Diakowa est le centre arnaute par excellence; c'est le pays le plus dangereux de toute la Péninsule; c'est un véritable repaire d'haïdouks (brigands).

Le territoire de la Ljuma, situé plus au sud, se trouve compris entre les montagnes du Schar et la rive droite du fleuve Drin. Les villes principales de ce territoire sont: Prizrend, la plus grande ville de tout le vilayet de Kossovo; elle possède plus de 40,000 habitants et fut longtemps la résidence du pacha gouverneur, et Dibré ou Diwra, où l'on travaille le cuir, comme on le faisait à Cordoue. C'est à Dibré que se trouvent les plus fanatiques musulmans de la contrée. Les Arnautes de Dibré sont orgueilleux et fiers et d'un courage exceptionnel. Ils sont continuellement en lutte avec les Malisores Mirdites qui les avoisinent, lesquels sont catholiques. Il est vrai que ceux-ci pratiquent la religion romaine à leur façon, qui n'est pas tout à fait conforme à l'orthodoxie catholique.

La territoire de Tetovo est le plus accidenté de tous; il est presque exclusivement habité par des Arnautes de race serbe; ce sont des montagnards sauvages, d'une ignorance extrême et qui ne vivent que du produit de leur bétail. C'est à peine s'ils savent qu'ils vivent sous la domination ottomane, et les collecteurs d'impôts, si âpres partout ailleurs, ne pénètrent jamais dans leurs montagnes. Les villes principales de ce territoire sont Kalkandelen, Gustiva et Kritschévo.

Le territoire d'Ovetz se trouve à l'est; c'est un pays riche, mais là l'élément serbe se trouve mélangé par parties presque égales à l'élément bulgare. Tracer une ligne de démarcation entre ces deux races dans cette province nous paraît chose bien difficile. Il est très possible que le désaccord entre la Serbie et la Bulgarie survienne à propos de l'Ovetz, où se trouvent les centres importants d'Istib, d'Uskub et de Kumanova.

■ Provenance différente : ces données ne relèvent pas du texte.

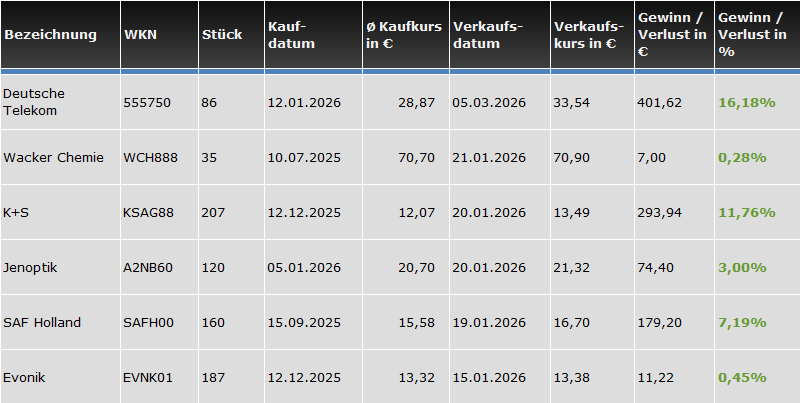Beendete Trades des Börsenbriefs "Börse-Intern Premium" im laufenden Jahr 2026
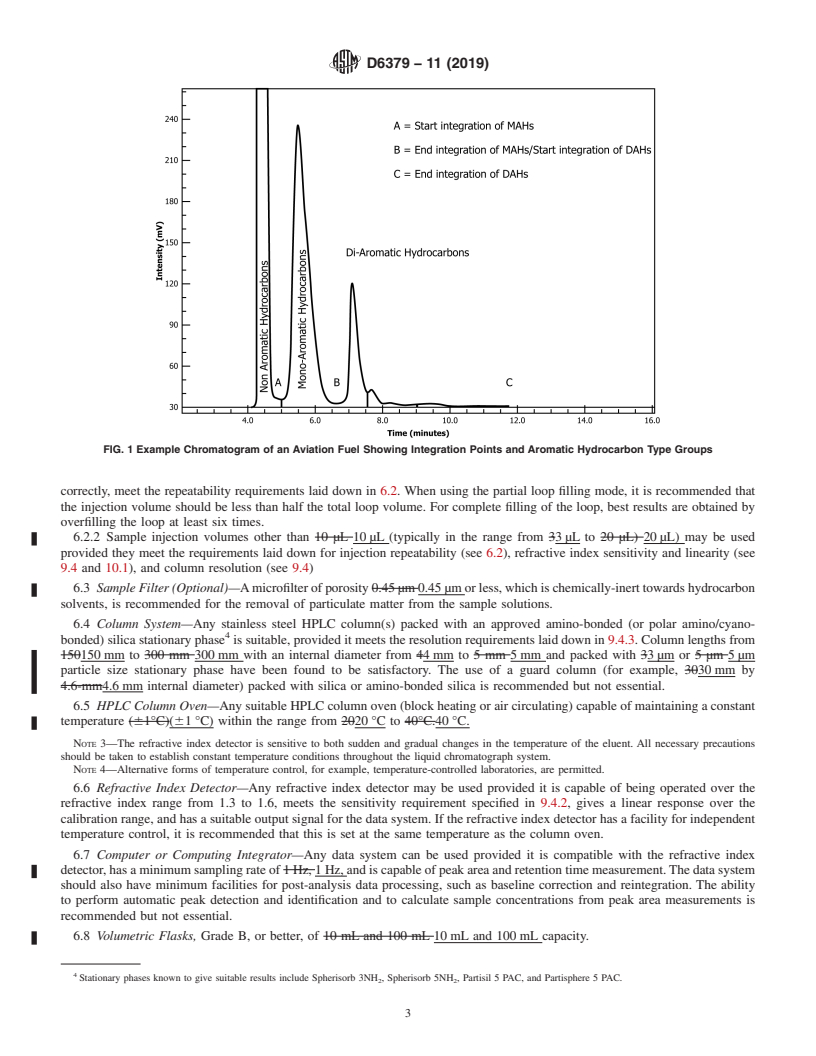 REDLINE ASTM D6379-11(2019) - Standard Test Method for  Determination of Aromatic Hydrocarbon Types in Aviation Fuels   and Petroleum Distillates&#x2014;High Performance Liquid Chromatography   Method with Refractive Index Detection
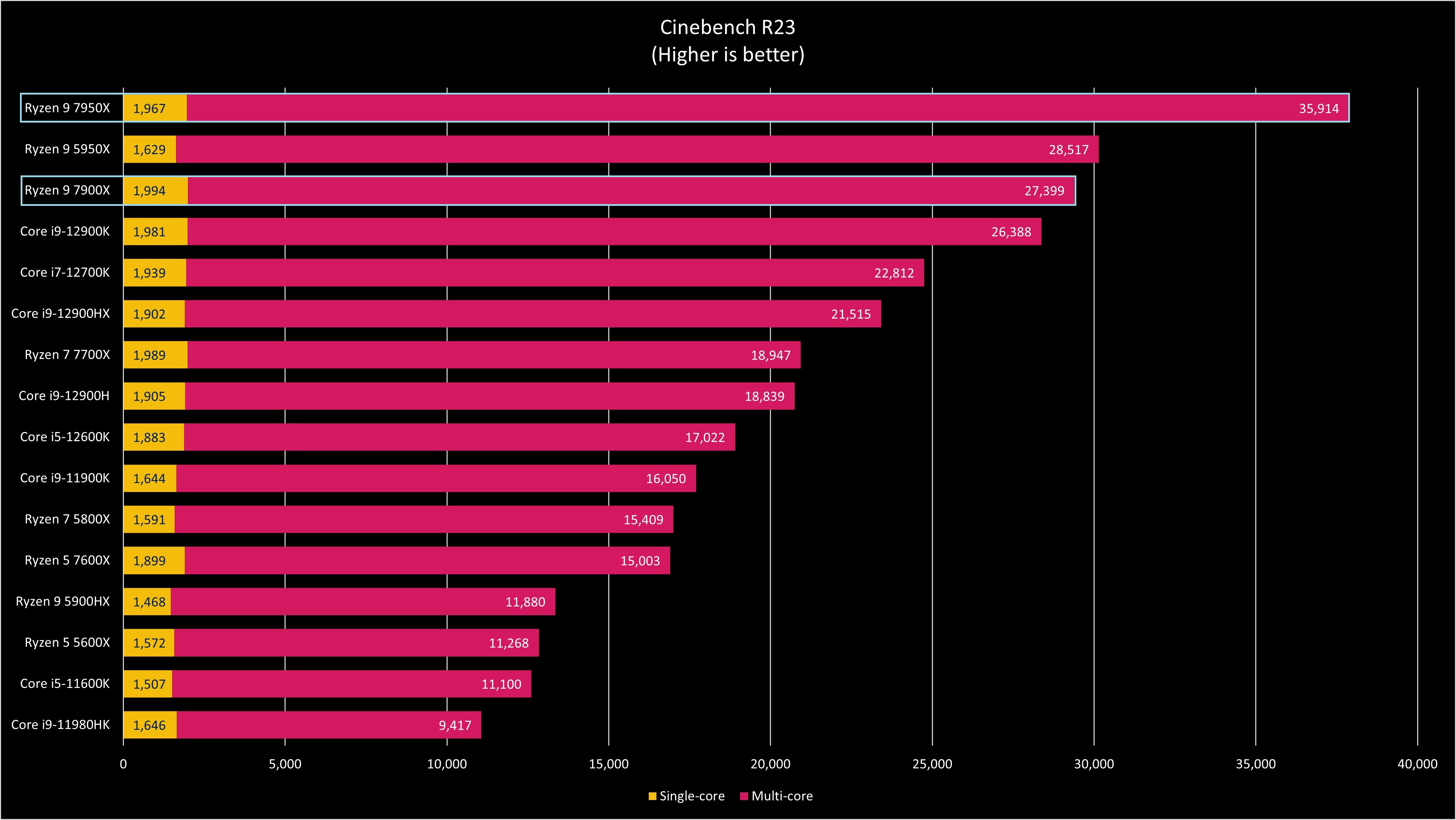 AMD Ryzen 7000 Series Benchmarks (79XX)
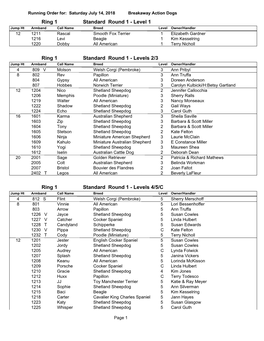 Levels 4/5/C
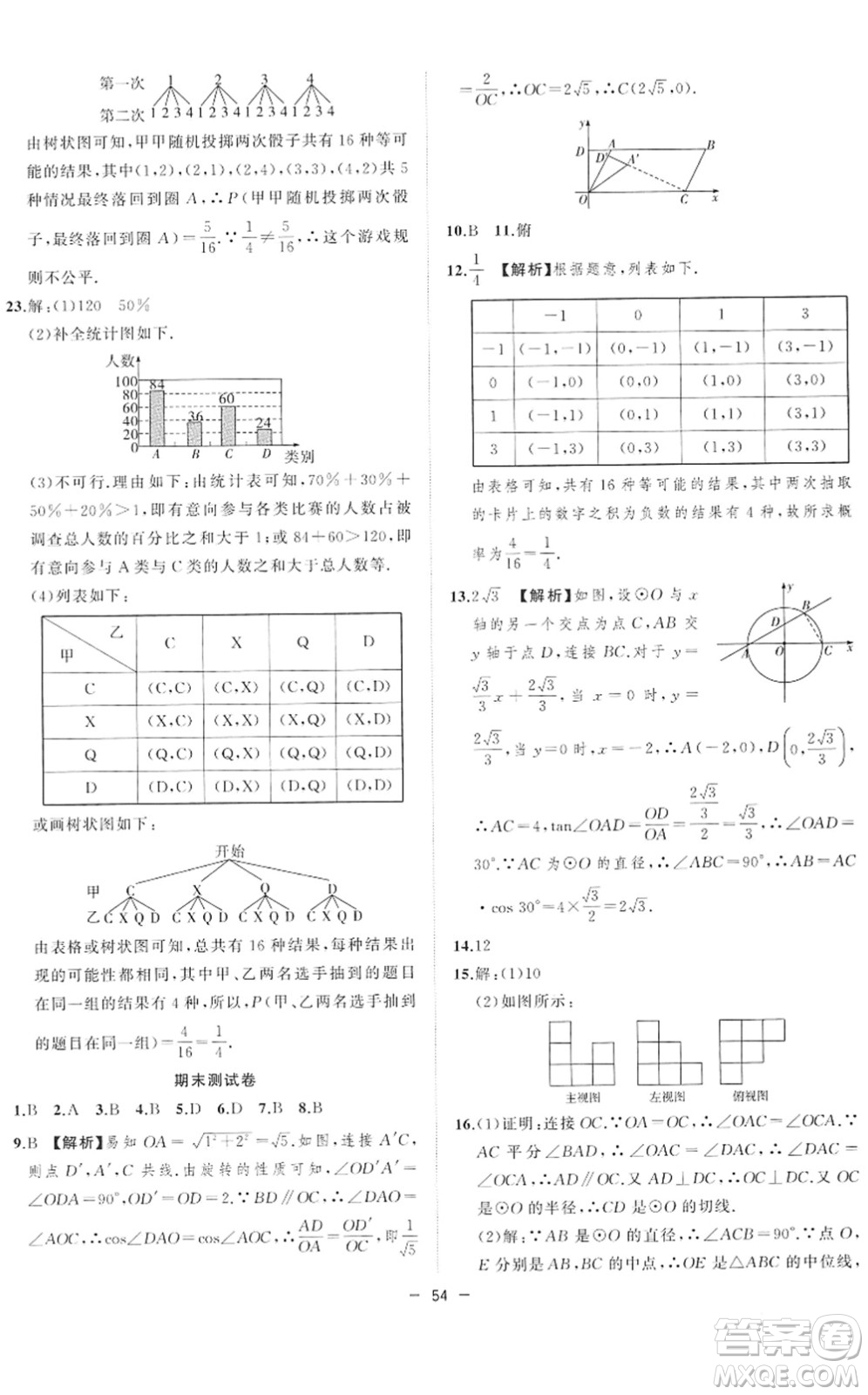 合肥工業(yè)大學(xué)出版社2022全頻道課時(shí)作業(yè)九年級(jí)數(shù)學(xué)下冊(cè)HK滬科版答案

Le territoire du Kodjak est le moins connu de tous. Il limite la Serbie au sud de Vrania. Toutefois, de ce que les géographes qui ont dressé des cartes de la presqu'île des Balkans ont laissé en blanc tout le Kodjak, il ne s'ensuit pas qu'il soit inhabité, comme l'ont affirmé certains publicistes mal renseignés.

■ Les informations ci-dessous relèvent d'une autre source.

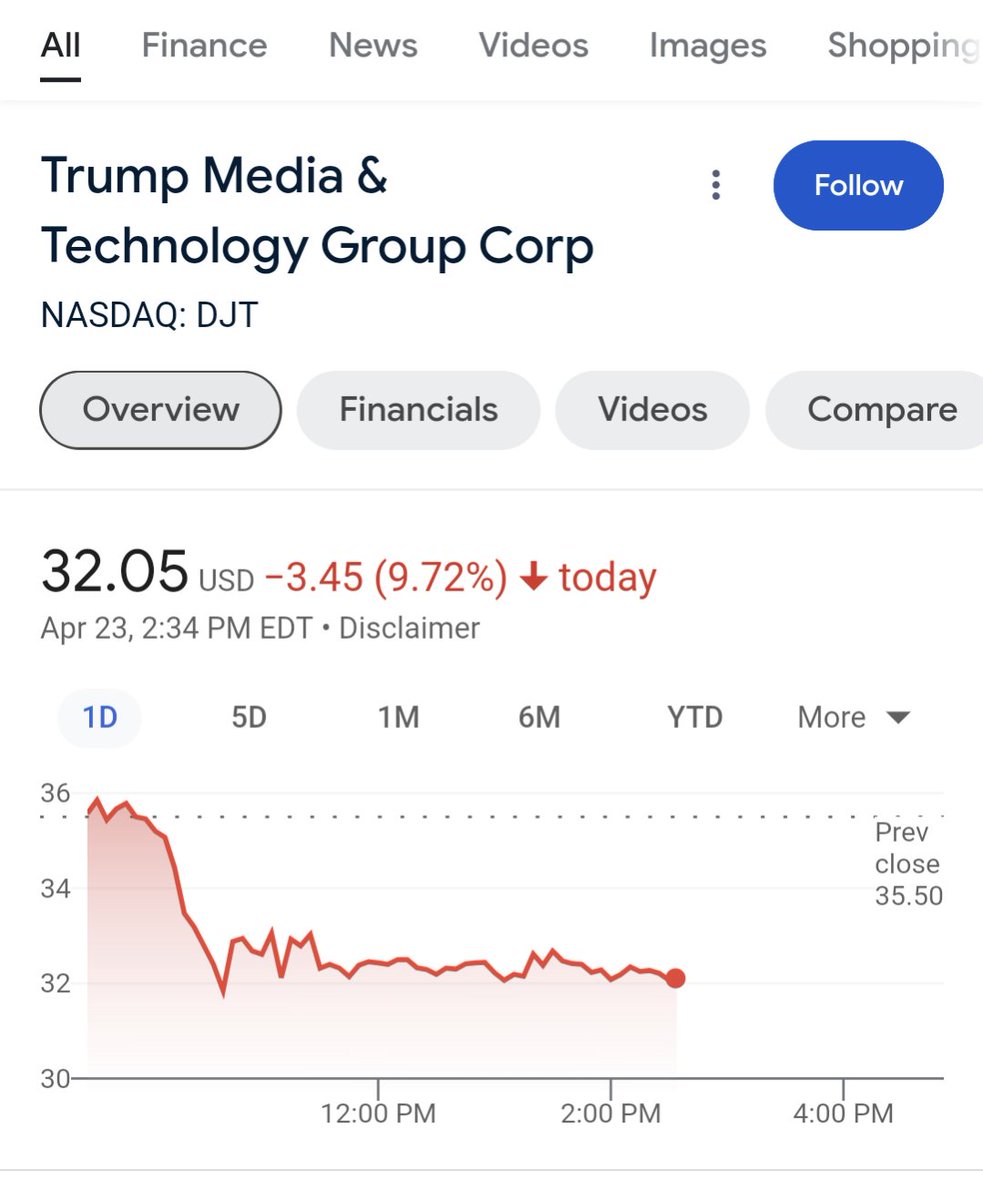 Down 9.72% today.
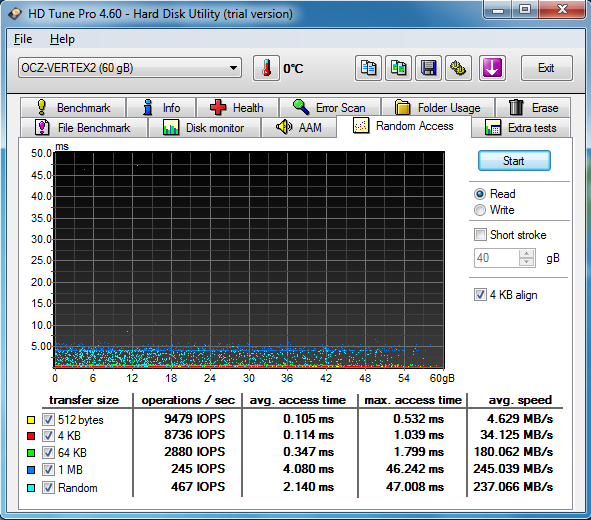  Ocz Vertex2 60gb Testlerim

Il existe, au contraire, un assez grand nombre de villages assez peuplés dans les étroites vallées formées par le Kodjak-Planina, grande montagne qui donne son nom au territoire.

Le Kodjak est également habité par des Serbes et par des Bulgares, dont la sauvagerie ne le cède en rien aux Arnautes pasteurs du Tétovo.

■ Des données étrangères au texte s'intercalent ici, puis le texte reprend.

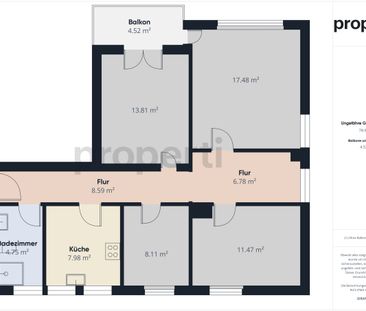 Frisch Sanierte Hochparterre-Wohnung sucht neuen Mieter - Foto 6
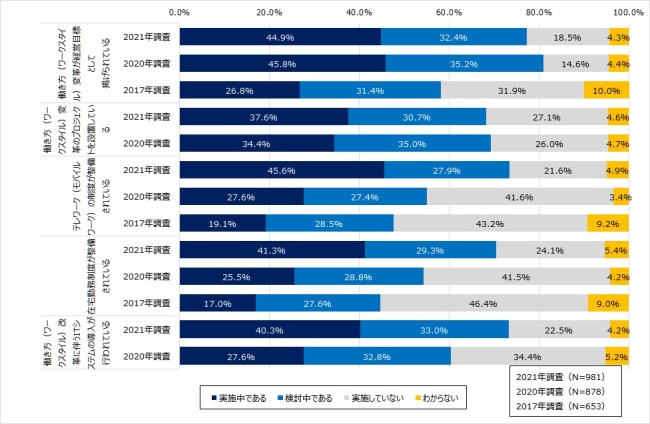 図1．働き方改革への取組み状況（2017、2020、2021年比較）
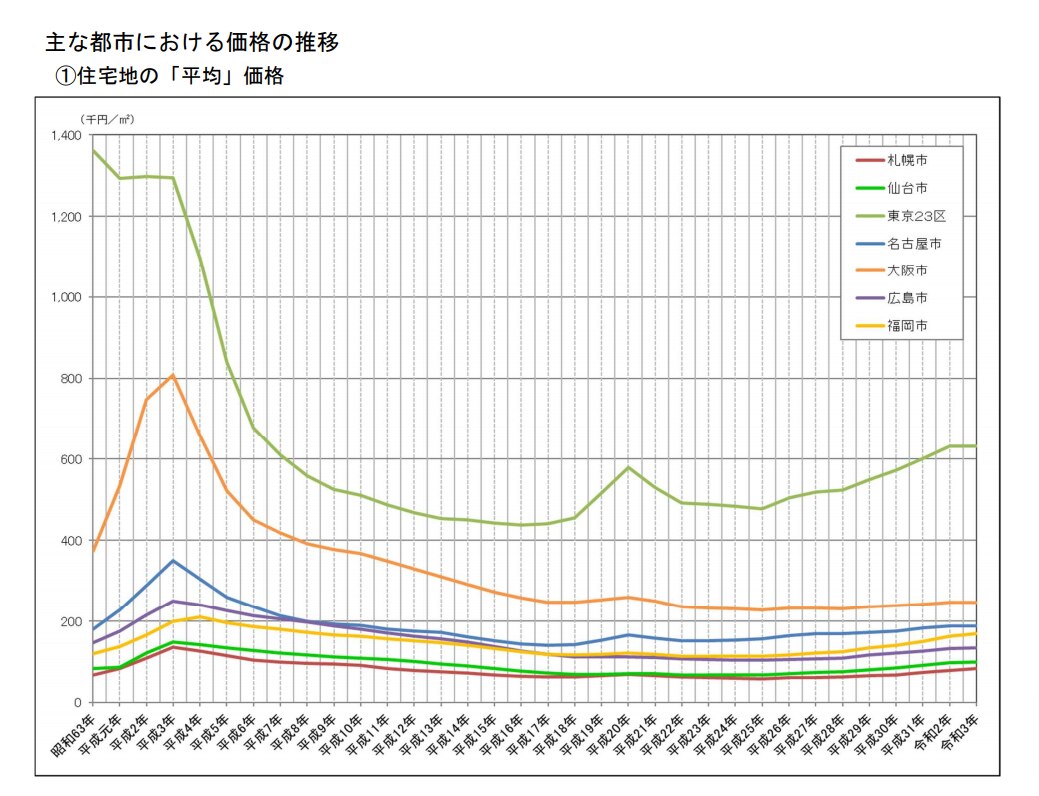 最新デ-タによる土地価格の推移と分析 地下公示４年間の動きがすぐわかる 平成７年版 /ダイヤモンド社/土地価格研究会（大型本）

Telles sont les provinces qui composent la Vieille-Serbie. Quoique en majorité serbe, la population se divise en deux fractions bien distinctes: la partie composée des Serbes ou des Bulgares demeurés chrétiens et celle des Serbes musulmans ou Arnautes. La première représente environ les deux tiers de la population, la partie musulmane, l'autre tiers. La population totale du vilayet de Kossovopoljé, moins le sandjak de Novi-Bazar, monte à 480,000 habitants, d'après les dernières cartes de Bianconi.

SITUATION ACTUELLE DE LA VIEILLE-SERBIE.

«A quatre lieues de distance de Djakowo, cachés dans une belle gorge alpestre, s'élèvent l'église et le monastère de Détchani, fondés par le roi serbe saint Étienne, et par son fils, Douchan, qui le premier prit le titre de czar. Dans tout l'intérieur de la péninsule des Balkans, on ne rencontre pas un monument aussi artistique que cette église. La forme, les matériaux et le style de cet édifice nous transportent bien loin des constructions de briques, du genre byzantin. Ses bandes de marbre blanc veiné de rose ressortent avec éclat sur les collines couvertes de sapins qui l'environnent. Ses colonnes élégantes et ses lions hardiment posés en avant rappellent l'architecture de la Dalmatie et de la ville d'Ancône. Les rinceaux dentelés des fenêtres sont, en partie, si bien conservés qu'on croirait que le sculpteur vient d'y mettre la dernière main. Cette église est le souvenir vivant d'une dynastie de rois qui régnèrent du Danube à l'Adriatique, et de l'Adriatique à la mer Egée, d'artisans qui ont laissé la trace de leur habileté jusque sur le sol italien. Le style de cette église est une heureuse combinaison des traditions de l'architecture religieuse italienne et grecque; il s'éloigne beaucoup de la rigidité de lignes du style byzantin. Tout l'intérieur est recouvert de fresques remarquables, dont les plus intéressantes représentent les héros de la famille royale des Nemanjas, depuis le czar Siméon jusqu'au jeune czar Ourosh, rangés parallèlement entre les branches feuillues d'un arbre héraldique.